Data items
————

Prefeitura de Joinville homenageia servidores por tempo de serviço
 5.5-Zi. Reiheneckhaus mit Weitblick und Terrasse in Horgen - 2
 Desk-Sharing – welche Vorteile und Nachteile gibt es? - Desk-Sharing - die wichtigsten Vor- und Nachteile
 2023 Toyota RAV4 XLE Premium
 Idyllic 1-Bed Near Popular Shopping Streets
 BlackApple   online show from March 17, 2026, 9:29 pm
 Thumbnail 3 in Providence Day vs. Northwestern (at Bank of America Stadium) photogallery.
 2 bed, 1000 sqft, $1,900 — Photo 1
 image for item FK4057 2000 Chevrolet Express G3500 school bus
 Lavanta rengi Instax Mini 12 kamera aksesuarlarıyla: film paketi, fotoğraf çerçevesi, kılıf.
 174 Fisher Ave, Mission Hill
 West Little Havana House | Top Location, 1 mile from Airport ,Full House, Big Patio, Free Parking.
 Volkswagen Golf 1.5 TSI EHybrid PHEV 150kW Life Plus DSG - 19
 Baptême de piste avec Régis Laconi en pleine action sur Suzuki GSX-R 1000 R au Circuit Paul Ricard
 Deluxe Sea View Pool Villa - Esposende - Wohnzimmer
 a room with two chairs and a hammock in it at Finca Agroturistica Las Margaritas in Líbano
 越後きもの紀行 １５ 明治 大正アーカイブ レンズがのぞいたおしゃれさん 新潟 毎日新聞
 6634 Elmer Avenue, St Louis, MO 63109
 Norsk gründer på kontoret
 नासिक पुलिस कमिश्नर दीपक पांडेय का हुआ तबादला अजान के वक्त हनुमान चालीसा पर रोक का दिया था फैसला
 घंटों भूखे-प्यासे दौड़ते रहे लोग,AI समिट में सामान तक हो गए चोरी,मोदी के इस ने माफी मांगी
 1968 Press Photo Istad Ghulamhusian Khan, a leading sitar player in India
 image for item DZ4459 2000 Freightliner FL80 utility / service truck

————

◆ **Exercise brief**: For the word "image", tally the lines above that hold it and answer with the number alone.

◆ **Result of this task**: 2